[Data for processing]

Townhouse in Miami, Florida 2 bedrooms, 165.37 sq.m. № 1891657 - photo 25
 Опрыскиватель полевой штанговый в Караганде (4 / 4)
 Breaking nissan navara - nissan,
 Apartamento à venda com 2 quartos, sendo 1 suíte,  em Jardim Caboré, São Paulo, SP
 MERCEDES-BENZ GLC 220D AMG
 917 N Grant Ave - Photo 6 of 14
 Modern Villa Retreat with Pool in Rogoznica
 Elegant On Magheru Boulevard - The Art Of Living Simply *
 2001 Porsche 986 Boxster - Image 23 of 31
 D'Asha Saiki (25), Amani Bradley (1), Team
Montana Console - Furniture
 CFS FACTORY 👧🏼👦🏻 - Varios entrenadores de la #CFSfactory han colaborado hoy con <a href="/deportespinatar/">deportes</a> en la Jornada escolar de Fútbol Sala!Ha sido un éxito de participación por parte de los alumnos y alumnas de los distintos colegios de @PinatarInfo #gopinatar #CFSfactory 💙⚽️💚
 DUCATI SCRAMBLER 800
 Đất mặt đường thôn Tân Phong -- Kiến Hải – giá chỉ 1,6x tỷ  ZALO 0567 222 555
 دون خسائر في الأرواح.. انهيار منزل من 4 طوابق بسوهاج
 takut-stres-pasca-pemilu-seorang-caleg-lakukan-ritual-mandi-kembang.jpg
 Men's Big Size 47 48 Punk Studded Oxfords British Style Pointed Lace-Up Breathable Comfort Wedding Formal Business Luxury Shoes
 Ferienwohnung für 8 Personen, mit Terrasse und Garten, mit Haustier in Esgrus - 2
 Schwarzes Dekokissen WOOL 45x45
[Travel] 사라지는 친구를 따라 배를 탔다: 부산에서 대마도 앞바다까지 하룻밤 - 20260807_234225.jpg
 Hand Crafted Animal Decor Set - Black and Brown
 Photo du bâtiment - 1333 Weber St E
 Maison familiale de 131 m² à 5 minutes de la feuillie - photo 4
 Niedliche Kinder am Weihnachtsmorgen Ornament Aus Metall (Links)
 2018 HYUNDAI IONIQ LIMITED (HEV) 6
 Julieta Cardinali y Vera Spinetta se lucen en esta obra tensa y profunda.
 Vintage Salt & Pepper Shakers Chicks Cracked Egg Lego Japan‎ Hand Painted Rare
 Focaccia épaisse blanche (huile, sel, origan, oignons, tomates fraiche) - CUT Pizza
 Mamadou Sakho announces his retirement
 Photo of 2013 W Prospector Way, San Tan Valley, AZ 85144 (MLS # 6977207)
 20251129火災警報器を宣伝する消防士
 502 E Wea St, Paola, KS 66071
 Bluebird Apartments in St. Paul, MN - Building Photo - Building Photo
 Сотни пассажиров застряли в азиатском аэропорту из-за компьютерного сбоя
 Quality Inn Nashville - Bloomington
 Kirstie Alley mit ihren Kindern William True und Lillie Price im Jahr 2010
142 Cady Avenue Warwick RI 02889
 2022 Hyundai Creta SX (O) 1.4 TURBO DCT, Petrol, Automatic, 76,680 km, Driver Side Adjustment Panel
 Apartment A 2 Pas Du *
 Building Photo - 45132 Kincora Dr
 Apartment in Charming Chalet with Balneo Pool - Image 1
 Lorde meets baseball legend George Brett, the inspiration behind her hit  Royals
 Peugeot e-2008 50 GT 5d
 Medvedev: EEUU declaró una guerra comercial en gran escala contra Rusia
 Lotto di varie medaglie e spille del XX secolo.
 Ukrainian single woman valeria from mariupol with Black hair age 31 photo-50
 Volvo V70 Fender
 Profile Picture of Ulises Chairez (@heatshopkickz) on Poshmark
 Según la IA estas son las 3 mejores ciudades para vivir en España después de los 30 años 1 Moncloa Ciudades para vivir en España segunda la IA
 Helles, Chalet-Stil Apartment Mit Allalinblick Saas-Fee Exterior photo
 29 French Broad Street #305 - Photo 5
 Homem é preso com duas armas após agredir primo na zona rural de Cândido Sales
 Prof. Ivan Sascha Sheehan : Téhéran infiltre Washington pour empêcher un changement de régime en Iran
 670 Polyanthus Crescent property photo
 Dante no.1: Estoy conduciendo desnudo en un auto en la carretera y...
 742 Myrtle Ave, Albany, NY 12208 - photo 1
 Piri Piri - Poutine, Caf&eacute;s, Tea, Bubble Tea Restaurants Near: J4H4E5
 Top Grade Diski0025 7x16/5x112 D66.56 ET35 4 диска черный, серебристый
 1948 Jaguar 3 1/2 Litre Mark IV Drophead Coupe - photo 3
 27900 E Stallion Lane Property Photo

[Description of the task]
Leave out every line above except those from the line with "Según la IA" up to and including the line with "Homem é preso", and copy those exactly.

[Response below]
 Según la IA estas son las 3 mejores ciudades para vivir en España después de los 30 años 1 Moncloa Ciudades para vivir en España segunda la IA
 Helles, Chalet-Stil Apartment Mit Allalinblick Saas-Fee Exterior photo
 29 French Broad Street #305 - Photo 5
 Homem é preso com duas armas após agredir primo na zona rural de Cândido Sales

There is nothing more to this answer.